Karena belum menemukan rasa cinta, Hadrah mengikuti saran dosen untuk nonton satu hari satu film. "Basicnya aku sudah membuat adegan, menulis. Aku punya banyak cerpen, novel, suka mengkhayal. Ku pikir kenapa hobi yang aku suka ini diarahkan jadi profesi di masa depan. Aku rasa makin fokus dengan hobi dan pekerjaan jadi satu. Aku pilih jurusan penyutradaraan," kenangnya.
Setelah mendapat kesempatan untuk menjadi sutradara film layar lebar, langkah Hadrah tak terbendung. Dimulai dari Heart Beat (2015), Hadrah lantas membuat Super Didi (2016), Mars Met Venus (Part Cowo) (2017), dan Mars Met Venus (Part Cewe) (2017), dan total 11 judul hingga saat ini.
Di Indonesia, tidak banyak sutradara wanita yang produktif seperti dirinya. Seperti botol kosong, dia membiarkan semesta mengisi pengalaman bekerjanya.
"Aku gak mau mengkotakan 'ah pengen bikin film layar lebar atau festival'. Aku membiarkan semesta datang dan aku menerima apa adanya. Aku ga pernah nganggep diriku perempuan dan punya banyak kesempatan. Aku gak suka mengkotakan bias gender termasuk diriku. Mungkin kata perempuan di kepalaku itu aku hapus. Saya Hadrah bukan saya perempuan. Saya Hadrah aja," tegasnya.
Pengalaman bekerja sebagai asisten sutradara Garin Nugroho jelas memberikan kesempatan padanya untuk bekerja tanpa melihat gender. Ketika berdiri sendiri, Hadrah memegang erat pesan orang tuanya.
"Terserah nanti di sekitar saya laki laki tapi saya diri saya sendiri. Itu selalu aku pegang. Orang tua juga mendukung apapun yang dijalani asal jangan membuat gender atau hijab membatasi kamu berkreativitas. Selama niatnya baik, ibadah atau mencari rezeki, Tuhan tahu kok. Dari dulu mikir oh gue perempuan gimana nih di tengah laki-laki. Ya udah lupakan gender itu," tegasnya.
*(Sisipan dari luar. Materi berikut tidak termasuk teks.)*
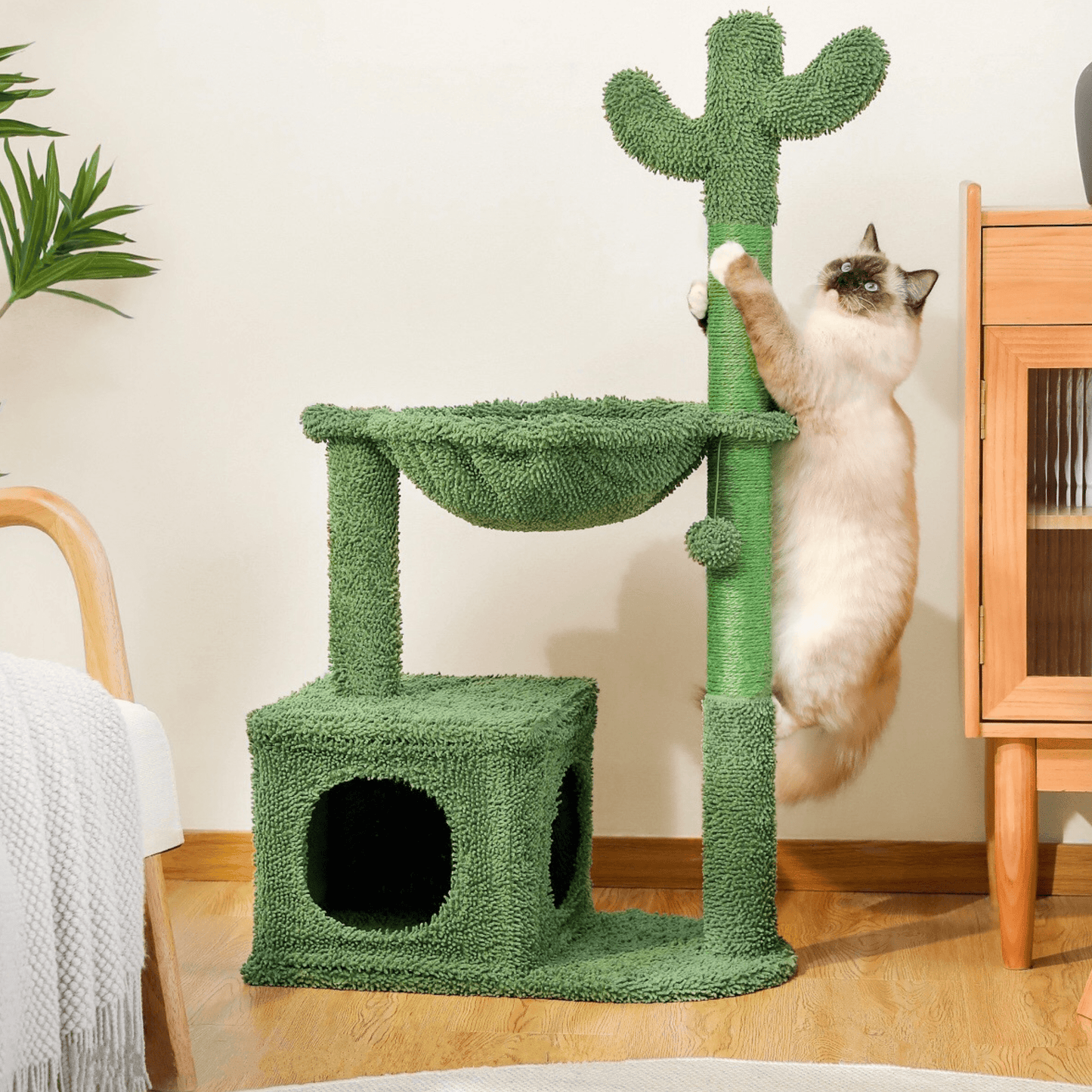 Le Grand Cactus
Kuatnya budaya patriaki di Indonesia jelas menjadi sandungan awal untuk Hadrah ketika meniti karir. Namun, dia mencoba untuk mencari jalan keluar agar bisa bertahan.
"Pastinya ada tantangannya. Aku pertama kali jadi sutradara 20 tahun bener bener lulus kuliah abis kerja aku ambil proyek. Aku sadar betul dari pada bentrok sama kru laki-laki, aku selalu membuat tim perempuan. Astrada 1, 2 skrip continuity itu perempuan. Aku jarang punya astrada cowok karena menghindari bentrok itu dan fokus semuanya," katanya.
Tantangan lainnya adalah wajah mudanya membuatnya dianggap tak berpengalaman sehingga kerap dipertanyakan oleh pemain senior. "Saat melihat sutradaranya muda, pemain senior tanya siapa sutradaranya. Pandangannya langsung beda," katanya.
اقرأ أيضا:
Belajar menjadi kunci agar bisa bertahan. Hadrah Daeng Ratu menyesuaikan diri dengan segala suasana yang dihadapinya.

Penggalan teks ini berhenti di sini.